BO: Thats when I was out of the ghetto.
SO: I dont know...even know, was we because...
BO: I was in the smuggling...
SO: We dont normally talk about it, unless we get together. We just decide to be as normal as any other, you know. Because we just dont--we maybe years ago we talked about it, or not in detail, like we do right now so, I dont remember. Maybe Bernie told me, but I dont remember where he was at that time, of course. So, I dont know where you are. I know this is what happened to me, this is when I, when I came from the ghetto, I saw just blood running down the gutters of the ghetto. And thats when I know we found you and Nat and father, we didnt find mother and sister. Where were you? What did you...
BO: Uh, uh, I was on one of my smuggling trips, uh...
SO: Oh thats right, that is what you said. That's right. You used to do that. You used to...
BO: ...to get some food, uh...
SO: By the sheer nature of his being smaller--he was the smallest one in the family--he would just, just go to the wires or something, you know, or a hole under the ground, and go outside the ghetto and just come back and bring some food home. Thats why you were out of there, yeah, thats right.
BO: Yes, this was new information, and Nat just said about, what you said about...
SO: I remember what Nat told me. I remember Nat said, but I just didnt remember, but I know he did, uh...
NO: Then they took me to work at Zabierzów, this was on the other side of the river. Uh, the war broke out with the Russians already at that time. I was still in the ghetto. And uh, we had to work at night. They were bringing down from the Russian front, the Germans uh, frozen, frozen to death. And they had, they had lice about this size of my thumb. And the Germans didnt want to touch them. So they took the Jews to work on them. There was, there was--they were moaning and groaning. The lights were off--there were, there was no lights, nothing. They were bringing it into a railroad station--substation on a, a side tracks.
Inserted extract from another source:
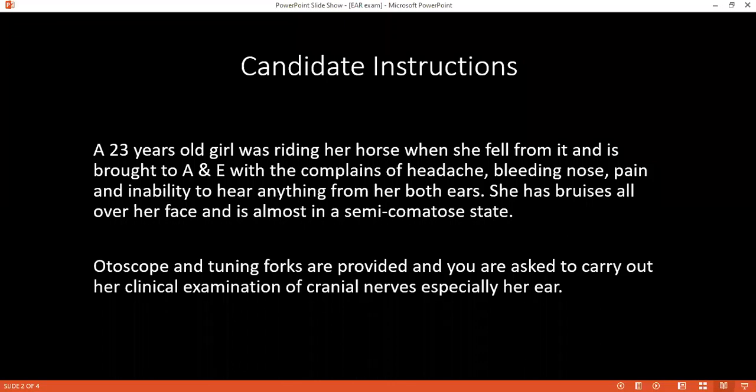Now I'm going to check your hearing. I'll whisper a word or letter, blocking the opposite ear, at two distances — 15 cm and 60 cm — on both sides. Now I'm going to check your hearing with this metal piece, called a tuning fork. We'll do the Rinne's test and Weber's test. Can you summarize your test now?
And we used to drag them from the train--we used to go into the train and bring them out from one side to another to--and, and Entlausung, Entlausung is the German--is, is, is delouse, to delouse them first. So we were the ones to carry them. And I, I recall an incident we use...used to take down--because we had to walk up the platform from the stairs, from the railroad we had to go down and cross over to another train, on another track and there were just steps going down from the, from the, from the train going down. And we used to take two, two guys used to carry it--carry one soldier. They were all young: eighteen, nineteen, twenty. Five--six-foot, six, six-foot tall--big guys, very young. And I recall one, one especially is always on my mind. Well, he must have been about 19, and he spoke to me in broken Polish, he called me a friend and he was moaning. His feet--he told me a story. He said his feet--that those Russians can stay for two or three days in the snow, nothing happen. He was out for just a few hours in the snow and his legs froze on him. And he called me a friend that I should help him. I was so angry, but there was such a big of noise on the train, because that whole train was practically moving and moaning everybody--all the soldiers that were down there was moaning. There was so much noise. I grabbed him on my back and just carrying him down on those stairs, and he was hitting with his legs--he was hitting the stairs as he was going. I had such a satisfaction from that and I was, I--then I cried afterwards because I felt that I am an animal like him.
NO: But I had a great, I had great satisfaction that time that I gave him the pain because he called me a friend, I was his friend.